In particular they are facing the threat of being squeezed out by new Tory leader David Cameron's attempt to revive his own party. Cameron has "spun" himself as a more "liberal" Tory leader. Although the Lib Dems won a by-election in the previously safe Labour seat of Dunfermline and Fife West with a 16% swing, they may suffer in some of their seats south of the border where the Tories have more of a base. It is not guaranteed that they will reap the benefits of disillusionment with New Labour.
On the one hand many of their recent successes have been the result of opportunistically outflanking Labour to the left with pretence at an anti-war stance, opposing attacks on civil liberties etc. On the other hand there has been a decided shift towards economic 'neo-liberalism', in other words right-wing Thatcherism.
The "left face" on things such as the war has been more style than content; they supported the war when it started. Campbell refuses to put forward a date by which the occupation of Iraq should end, in other words he doesn't really oppose it.
Their support for civil liberties does not extend to trades unions either. They have argued for the extension of anti-union laws, including the right of companies to take action against unions for loss of earnings during strikes.

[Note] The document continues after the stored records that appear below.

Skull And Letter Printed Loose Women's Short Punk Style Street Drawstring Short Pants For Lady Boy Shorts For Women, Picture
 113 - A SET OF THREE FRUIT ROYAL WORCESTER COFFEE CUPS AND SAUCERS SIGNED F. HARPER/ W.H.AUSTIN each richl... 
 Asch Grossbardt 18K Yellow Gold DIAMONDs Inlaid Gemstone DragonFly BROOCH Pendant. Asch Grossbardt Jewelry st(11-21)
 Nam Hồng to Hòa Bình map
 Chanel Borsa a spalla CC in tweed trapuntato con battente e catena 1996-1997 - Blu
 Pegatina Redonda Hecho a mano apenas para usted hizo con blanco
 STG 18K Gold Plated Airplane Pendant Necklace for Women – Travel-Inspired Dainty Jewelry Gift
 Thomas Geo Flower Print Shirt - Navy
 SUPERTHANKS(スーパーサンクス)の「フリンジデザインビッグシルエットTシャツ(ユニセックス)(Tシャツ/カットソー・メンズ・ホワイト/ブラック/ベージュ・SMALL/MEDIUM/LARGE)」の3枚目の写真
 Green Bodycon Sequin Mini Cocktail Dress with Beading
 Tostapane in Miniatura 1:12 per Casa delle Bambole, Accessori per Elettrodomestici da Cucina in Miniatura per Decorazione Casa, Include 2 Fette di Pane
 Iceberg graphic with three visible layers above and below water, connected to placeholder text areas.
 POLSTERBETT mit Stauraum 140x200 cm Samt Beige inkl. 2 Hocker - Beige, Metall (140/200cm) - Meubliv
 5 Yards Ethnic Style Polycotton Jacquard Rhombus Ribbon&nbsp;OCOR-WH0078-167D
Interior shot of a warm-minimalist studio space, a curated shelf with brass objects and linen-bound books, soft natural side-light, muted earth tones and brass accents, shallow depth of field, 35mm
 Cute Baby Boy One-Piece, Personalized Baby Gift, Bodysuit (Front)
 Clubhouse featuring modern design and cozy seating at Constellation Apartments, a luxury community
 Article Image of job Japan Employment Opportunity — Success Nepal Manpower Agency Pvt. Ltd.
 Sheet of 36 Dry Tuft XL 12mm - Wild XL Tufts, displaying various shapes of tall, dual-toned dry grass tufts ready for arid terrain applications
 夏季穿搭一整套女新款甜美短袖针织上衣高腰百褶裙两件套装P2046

Proof that he wants to shift the party right came almost immediately on Ming's election, when he gave support to a successful resolution at the Liberal spring conference to privatise the Post Office.
In the election for Party leader, the candidate of the traditional 'Liberal left', Simon Hughes came a miserable third. Right-wing economics spokesperson, Chris Huhne, who has only been an MP since the general election, came within 8,000 votes of Campbell.
Yet many of Campbell's backers (would they be called "Mingers"?) were from the new generation of Orange Book economic neo-liberals. The so-called Orange Book is a collection of essays advocating a sharp right-wing turn.
These include the likes of David Laws, who wants to cut the benefits of single parents, forcing many back to work against their will in order to save £2 billion for the treasury. He also advocates the disbanding of the NHS and its replacement with private provision and insurance.
There has been speculation about the possibility of a fall in New Labour's support at the next general election and an increased Tory vote resulting in a hung parliament, and consequently the Liberals forming a coalition government with one party or the other.
In reality, the policies of all three main parties are so similar that it would not make much difference to the character of the government. All three parties support privatisation, cuts in public services and attacks on living standards.
We need a real alternative to these pro-big business parties, one that stands for the interests of working class people.